After Crazy Rich Asians, is representation in Hollywood going in the right direction?
- The film’s success has spawned several copycat TV shows and helped Fraud Squad author Kyla Zhao snag her book deal
- But Hollywood’s obsession with cloning Crazy Rich Asians may have also hurt Asian storytelling and portrayals of the community
This spawned countless breathless commentaries about how “Crazy Rich Asians is going to change Hollywood”, as one Time magazine headline declared. It also birthed several copycat reality series starring wealthy Asian Americans, including Bling Empire (2021 to present), which just premiered a spin-off series on Netflix, Bling Empire: New York.
Earlier this month, the novel The Fraud Squad was launched by Singaporean author Kyla Zhao, who snagged a six-figure book deal and a big Hollywood agent for a story she describes as “Crazy Rich Asians meets (the 2006 film) The Devil Wears Prada”.

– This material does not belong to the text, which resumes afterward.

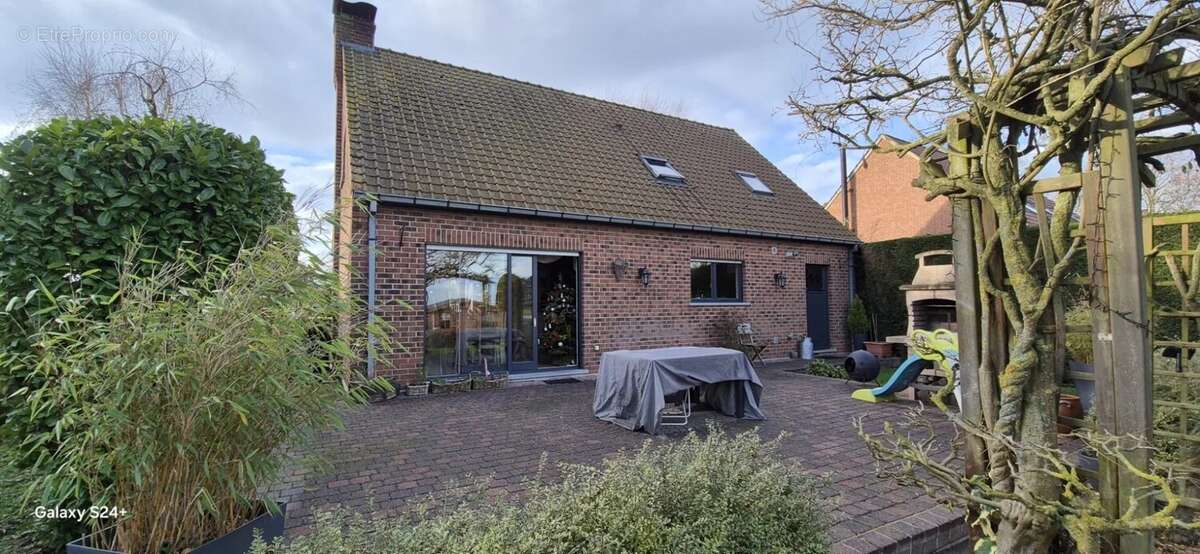 Maison à QUESNOY-SUR-DEULE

But has the Crazy Rich Asians effect been a net positive for Asian representation and storytelling?
Asian-American actor Daniel Dae Kim called out Hollywood’s obsession with cloning that success. And he believes it may have hurt Asian storytelling by creating a new set of stereotypes.
Speaking at a panel at the Sundance Film Festival last week, the 54-year-old Korean-American star said: “One of the collateral-damage effects of Crazy Rich Asians was that everyone wanted to do more Asian projects as long as they were just like Crazy Rich Asians.”